NATO promises Ukraine, Georgia entry one day
By David Brunnstrom and Susan Cornwell
BUCHAREST (Reuters) - NATO leaders promised Ukraine and Georgia on Thursday they would one day join the Western defense alliance after rebuffing U.S. demands to put the former Soviet republics on an immediate path to membership.
Germany, France and smaller NATO states withstood pressure from U.S. President George W. Bush to offer the two countries a Membership Action Plan (MAP), a first step towards entry, saying neither was ready and Russia could be antagonized.
But NATO leaders softened the blow by making a vaguer pledge to invite the two to join the alliance at some point in the future and saying former Cold War foe Moscow should have no influence on membership decisions.
"We agreed today that these countries will become members of NATO," NATO Secretary-General Jaap de Hoop Scheffer told a news conference, reading from a communique agreed at a summit of the pact's 26 leaders in Bucharest.
"That is quite something," he added.
Ukrainian President Viktor Yushchenko called the NATO move historic. "This is our victory," he told reporters. Georgian Foreign Minister David Bakradze also hailed "historic breakthrough" for his country.
But thousands of protesters massed in Ukrainian cities to denounce the prospect of NATO membership, highlighting deep divisions over whether Kiev should look east or west.
On other enlargement decisions, Macedonia's request for an invitation to join was blocked by Greece in a name row but Albania and Croatia won invitations to become members.

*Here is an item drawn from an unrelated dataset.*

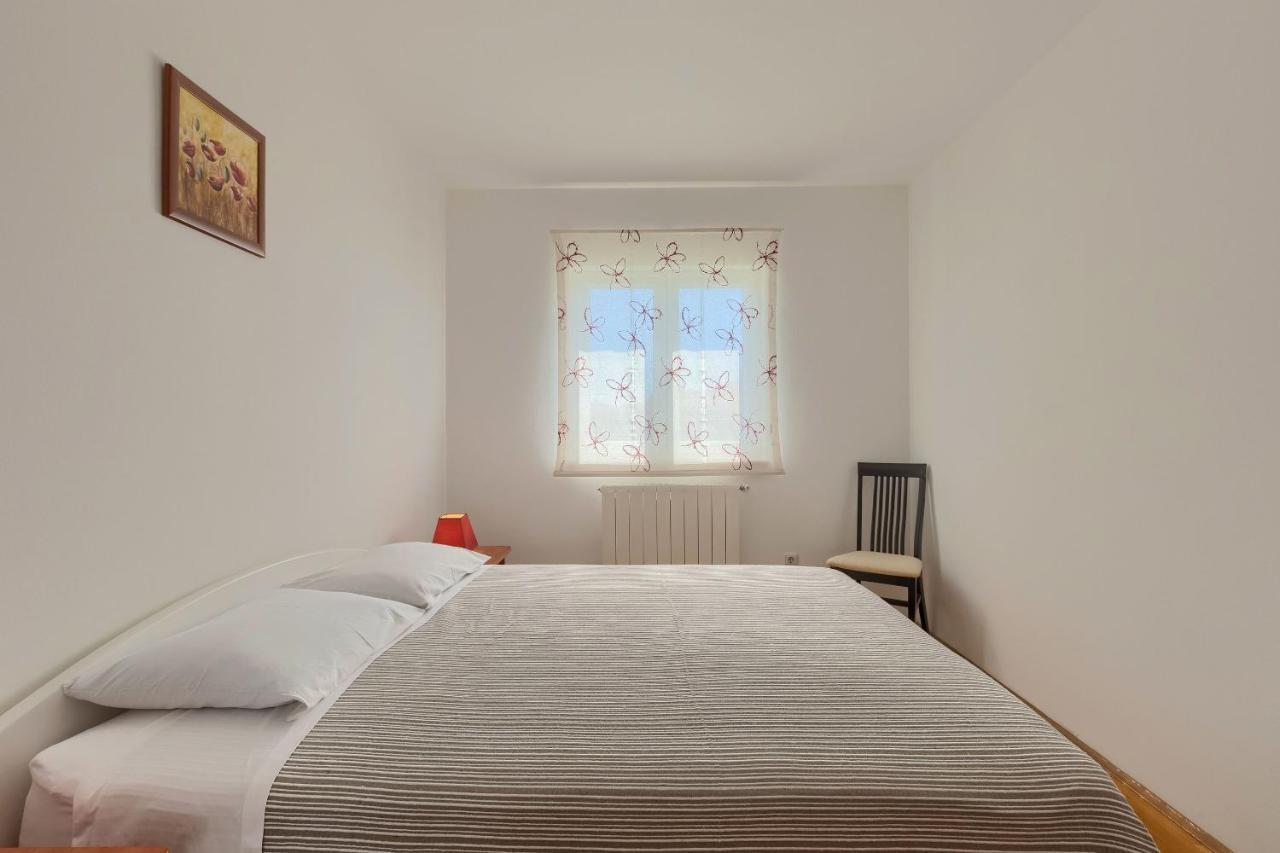 Apartments Boris Fazana Luaran gambar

Bosnia and Montenegro were awarded closer ties.
A new era beckoned for the alliance after French President Nicolas Sarkozy pledged a decision soon on full reintegration into the NATO military structures that Paris left in 1966.
Sarkozy gave cautious support to U.S. plans to build a missile defense shield in Europe and also confirmed France would add 700 extra soldiers to Afghanistan as part of a wider force reshuffle to avert a threatened Canadian withdrawal.

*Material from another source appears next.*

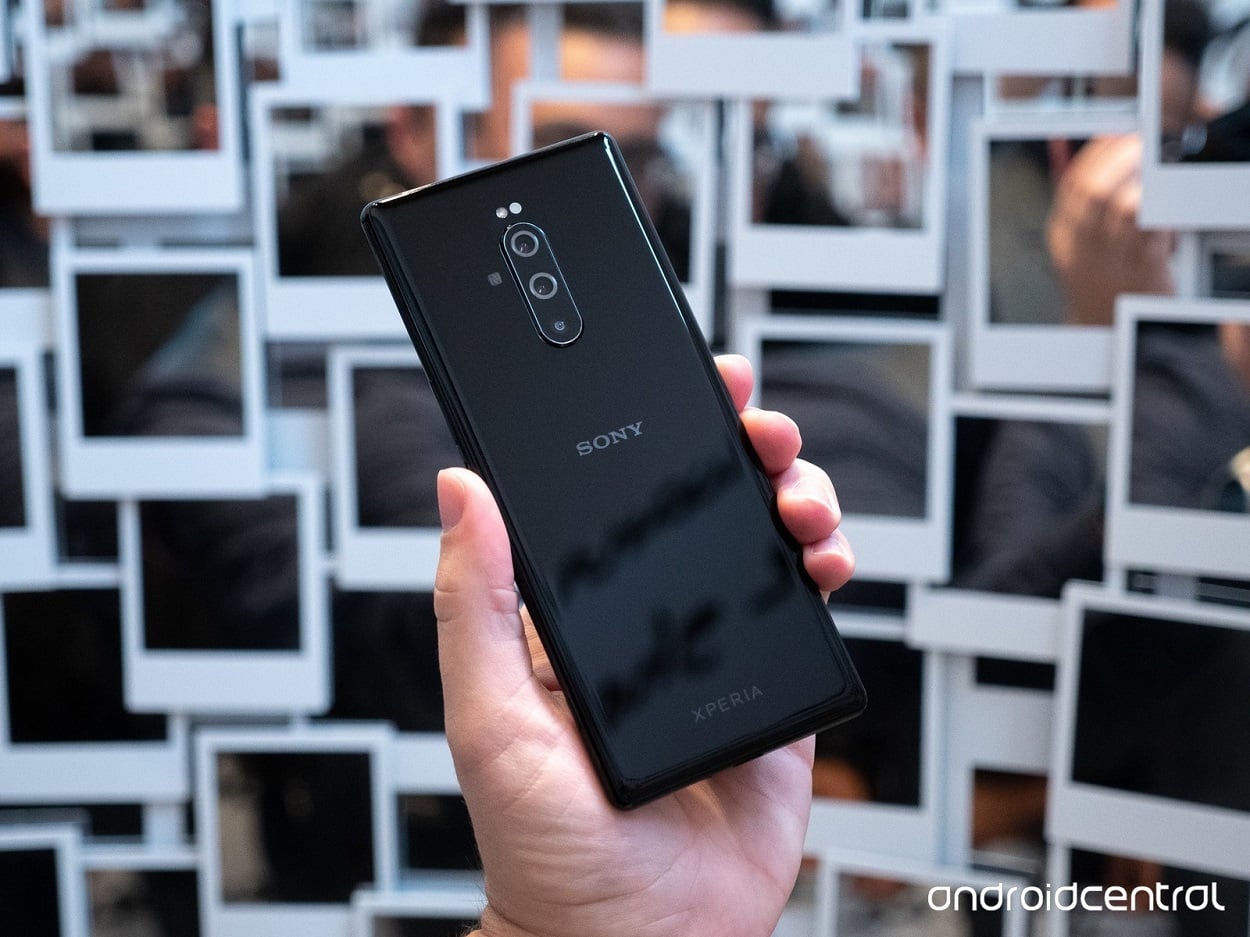 Sony Q2 2019 mobile phone shipment sees a a very large decline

Prime Minister Stephen Harper said the reinforcement meant Canada's conditions were fulfilled to keep its 2,500 troops in the violent south despite public pressure for a pullout.
NATO leaders also reaffirmed a long-term commitment to Afghanistan, attempting to set aside divisions over some members' reluctance to send troops to fight Taliban militants.
They pledged to end the shortfalls that have plagued the NATO-led force in Afghanistan and help Kabul achieve an effective 80,000-strong army by 2010.